Read this as three layers. Industrial Independence (IIA) is the security concept — an open spec, claim-by-name, anyone may implement. The role spec is the shape every conversational factory takes: an ingest data plane (passive or active) → a data source of record → a one-way seam → an outside copy → a query plane. Conversational Factory is the open, local product that fills the shape — one coherent, source-available, deployable bundle you run on-site, every line of the seam auditable. The concept is canonical; the product is reference; every role is swappable. The witness is an example of a passive-ingest data plane, discovery an example of an active-ingest one, and modelpond an example of a query plane (the hosted SaaS form); none defines its role. When a concept and a piece of code disagree, the concept is canonical. Status: coming soon — source-available.

It is built on the Industrial Independence Architecture (IIA), a separate architectural specification governing how a sovereign-unit-per-zone industrial system is shaped. IIA is the principle; CF applies the same posture to itself — specify the roles, treat the code as reference.

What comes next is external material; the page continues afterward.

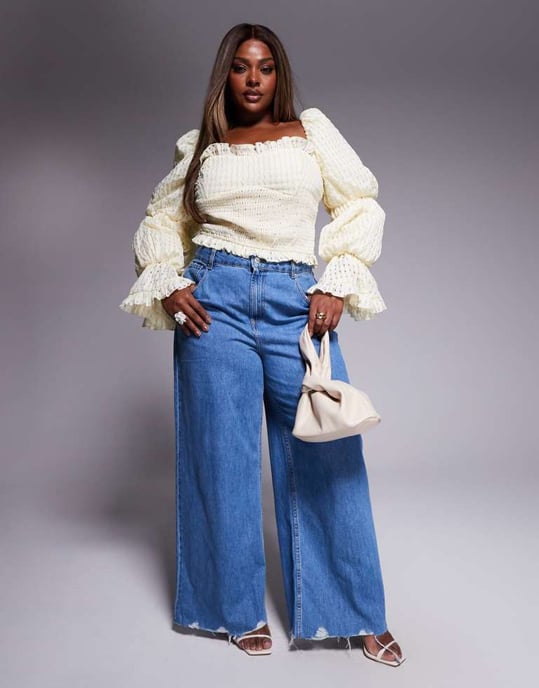 ASOS LUXE Curve rynkad strukturerad rutmönstrad puffärmad topp i smörgul - Image 2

For the canonical role boundaries — inside historian, outside historian, MCP gateway — including deployment topologies and the diode constraints, see role definitions.

Inside vs outside

The product crosses one structural seam, and the entire design is organized around it: the inside holds the authoritative historian on the trusted network; the outside holds an expendable copy and the query plane (MCP gateway). Between them is a one-way sync — datagrams out, no acknowledgement, no return socket — optionally enforced by a hardware data diode.

Why the seam is shaped this way:

  1. The dangerous direction must not exist. Any interface that can answer a question from outside is an interface an attacker can try to reach the plant through. The only way to remove that risk entirely is to remove the return path entirely — not gate it, remove it.
  2. AI lives where humans are. Claude on a workstation, a model in the cloud, a small model at the edge. The gateway has to be near the client; the client is never inside the trusted boundary, so the gateway sits on the outside copy.
  3. LLM-adjacent complexity stays out of the cell. Model versions, prompt drift, token costs, vendor APIs, response variance — IT-side concerns that do not belong inside a sovereign appliance governed by Safety, Reliability, Performance.
  4. The plant cannot depend on the outside. The inside historian is authoritative and self-sufficient. Cut the link and the plant is unaffected; only the outside view goes dark.
  5. Audit cleanliness. The gateway keeps an operator-side ledger (“what was asked”); the inside keeps its own record (“what left”). Different retention, different concerns, correlated by request_id.

The architectural seam is the one-way sync. Everything on the trusted side of it is authoritative and never reachable from outside. Everything on the far side of it is a copy and safe to lose.

Components

Inside historian

The authoritative system of record on the trusted network, in a standardized schema. It is complete and self-sufficient on its own.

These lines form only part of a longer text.